Clyde drove 150 miles to attend my workshop, "Death and Dying: An Eastern Perspective.  “Laughter, music, and family noise had filled his house for four decades.  The house quieted down when the children left to start families of their own. Then his wife died and overnight the home he had loved became a cemetery-no music, no laughter, no one to fix breakfast, wash his clothes, make the bed, or ask how he felt.

"So this is death, I began to think.  Living death.  Walking from room to room like a zombie, I thought about real death.  What would it be like?  Life, snuffed out in an instant like a candle. The flame burns for a moment.  Then, nothing.  Only darkness.  That scares me, the thought of the final end of it all. I tried to stop thinking of it.  I even went to parties at the senior citizens' center.  But the thought of death never left the back of my mind.  Now it's more than a thought.  Now I'm caught in the grip of fear, scared of the instant when it will suddenly be all over. "

Darshani:  Often our fears come as blessings in disguise.  Let me share a true story of someone who had the same fear.

When Sri Ramana Maharshi was sixteen years old, he was struck one day by a violent fear of death. The fear was inexplicable because he was not ill.  Yet he heard himself think, "I am going to die! I'm going to die.  The thought of a doctor never occurred to him because he was not sick.  So overpowering was his fear of death that it drove his mind inwards.  "Death has come," he told himself.  "What does it mean?"

He lay on the floor and stretched his limbs out stiffly as though rigor mortis had set in.  He imitated a corpse in every way he could.  He held his breath and thought, “Now this body is dead.  Soon it will be carried stiff to the cremation ground, burnt and reduced to ashes.  But with the death of this body, am I dead?" he asked himself.  "Is the body ‘I’?"

Suddenly, he felt the full force of the "I," totally apart from his body.  "Oh!" he exclaimed' "l am not the body!  I am the spirit that transcends it.  Now I know!  The body dies, but the Spirit that transcends it cannot be touched by death.  That means that I am the deathless Spirit."  Those words flashed through him as living truth that he perceived directly, even without thought.  His "I" was far more real than his body.  In that split instant, his fear of death vanished forever, and his absorption in the Self continued unbroken for the rest of his life.

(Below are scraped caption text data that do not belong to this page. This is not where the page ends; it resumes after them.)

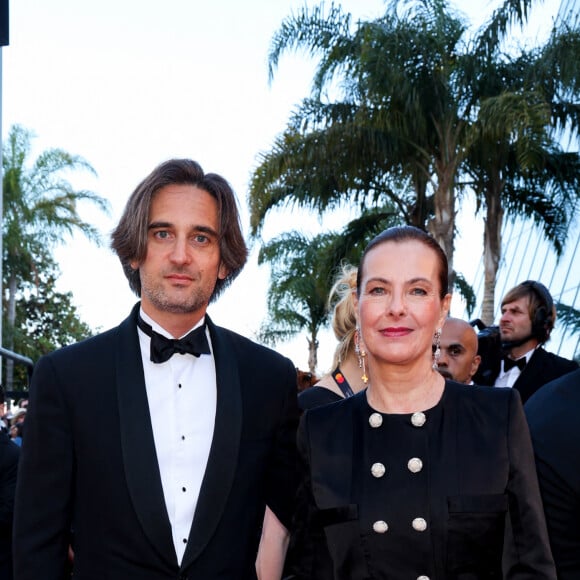 Dimitri Rassam et sa mère Carole Bouquet - Montée des marches du film " Megalopolis " lors du 77ème Festival International du Film de Cannes, au Palais des Festivals à Cannes. Le 16 mai 2024 © Jacovides-Moreau / Bestimage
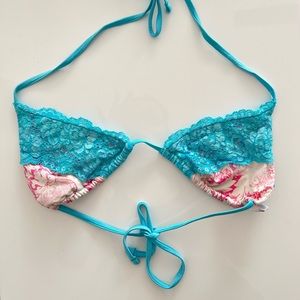 🦋 Beach Bunny Triangle Top 🦋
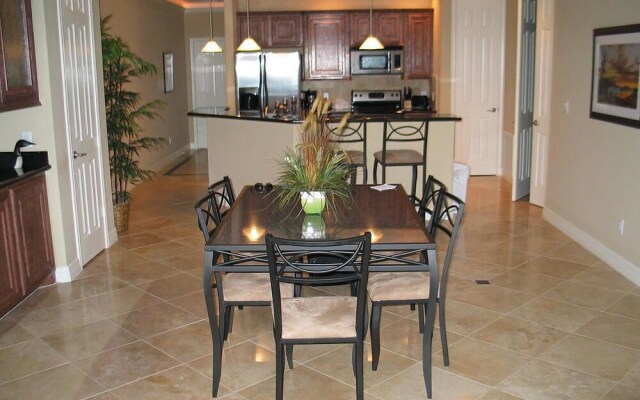 Southern Empress Lakeside Condominiums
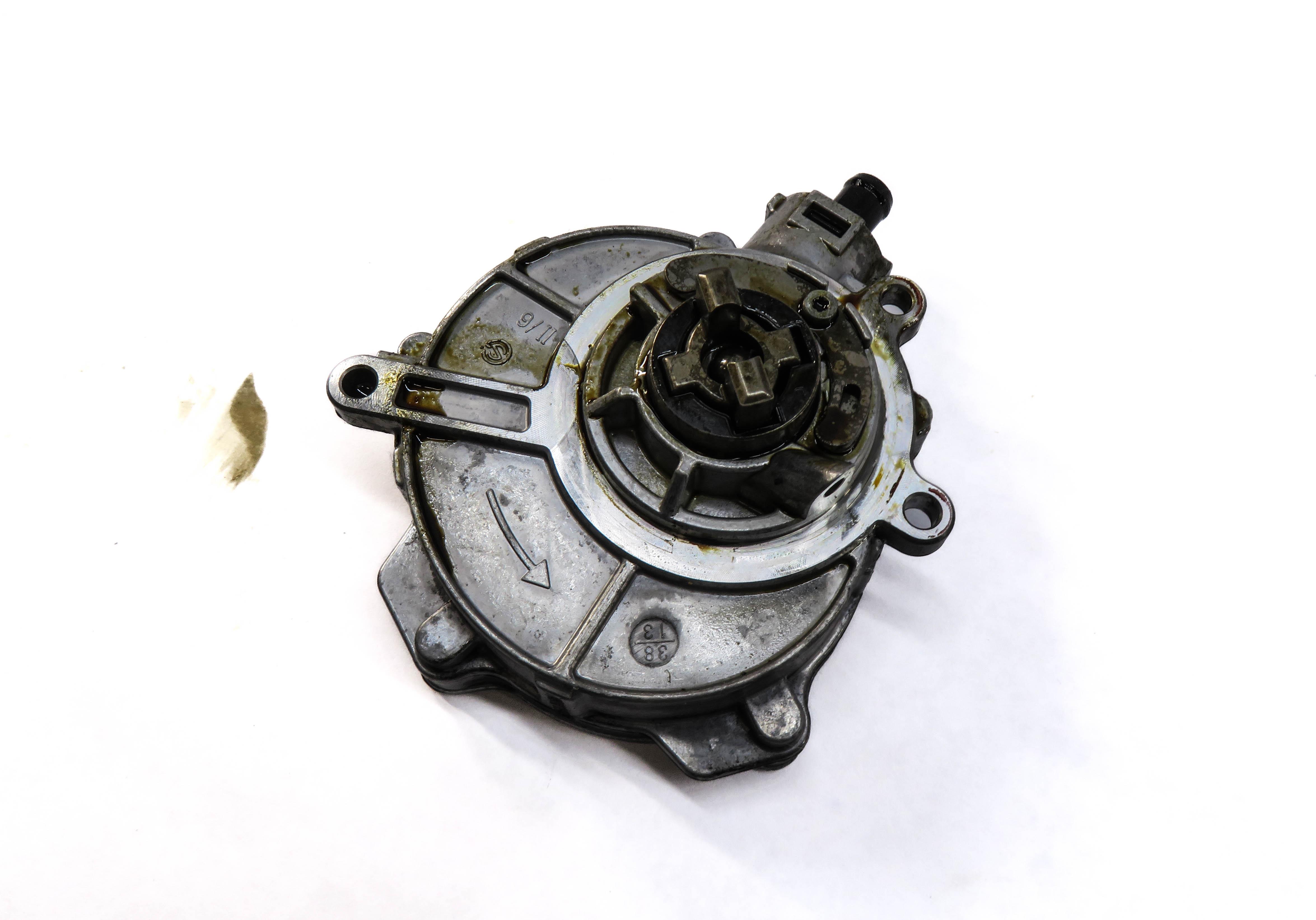 2012-2017 AUDI A6 A7 Q5 S4 S6 RQ5 TOUAREG - 3.0L ENGINE BRAKE VACUUM PUMP — exact item pictured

Fear stems from alienation from the Self or God through false identification with the body.  Death always frightens people who think they are the body.  Yet death never affects the Self.  Disintegration occurs only in the five elements that constitute the gross body-earth (hardness), water (liquidity), fire (heat), air (movement), and ether (space). We step out of these gross elements much as we would step out of a worn-out garment.

Knowing this intellectually is one thing; experiencing it is another.  I suggest that you begin spiritual practices with daily study and deep reflection on the scripture Self-Knowledge (Atma Bodha) by Sri Adi Shankaracharya, and on the words of Sri Ramana Maharshi.  Invite friends to your home, ones who suffer as you do from the agonizing fear of death, and share the readings with them.  In that way, you will make the best use of the space and time available to you.  When you sense an inner desire to meditate, ask a good yoga teacher for guidance.  Meditation can take you beyond body consciousness.  It can lead you to the experience of yourself as boundless spirit.

Clyde:  I thought that only monks had experience like that.

Darshani:  Anyone who yearns for it, and works for it, can have it.  In the book Cosmic Consciousness Dr. Richard Bucke records transcendental experiences of people like Bacon, Blake, Whitman, Emerson, Thoreau, Swedenborg, Spinoza, and others. They were not monks; yet among their common spiritual experiences were an all-embracing light, the sense of immortality, and an instantaneous loss of fear.

For the fear of death, no antidote has more power than the knowledge of who we really are.